**Exercise aim**
Exact copy, pictures excluded: please retype every record below.

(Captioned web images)
------------------------------------------------
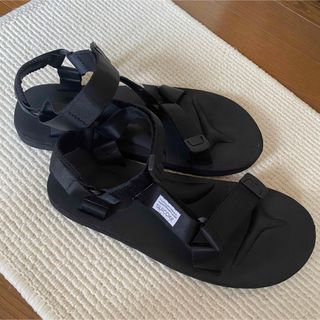 suicoke - SUICOKE.   メンズサンダル　　26cm   ビブラム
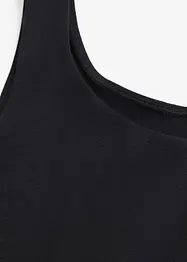 Body in modal morbido Feel Comfort, bonprix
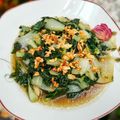 Cooksnap dari Noona Hilda ✅️ untuk resep 381. Bayam Tumis Bawang Putih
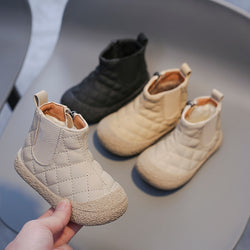 "Baby Winter Boots"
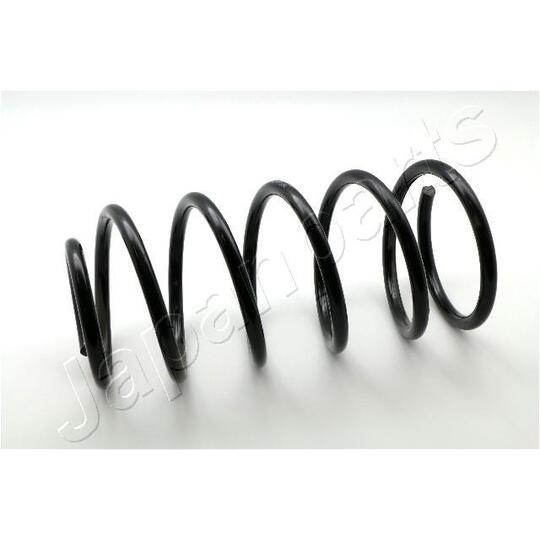 ZC1261G - Suspension Spring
------------------------------------------------
**Result below**
 suicoke - SUICOKE.   メンズサンダル　　26cm   ビブラム
 Body in modal morbido Feel Comfort, bonprix
 Cooksnap dari Noona Hilda ✅️ untuk resep 381. Bayam Tumis Bawang Putih
 "Baby Winter Boots"
 ZC1261G - Suspension Spring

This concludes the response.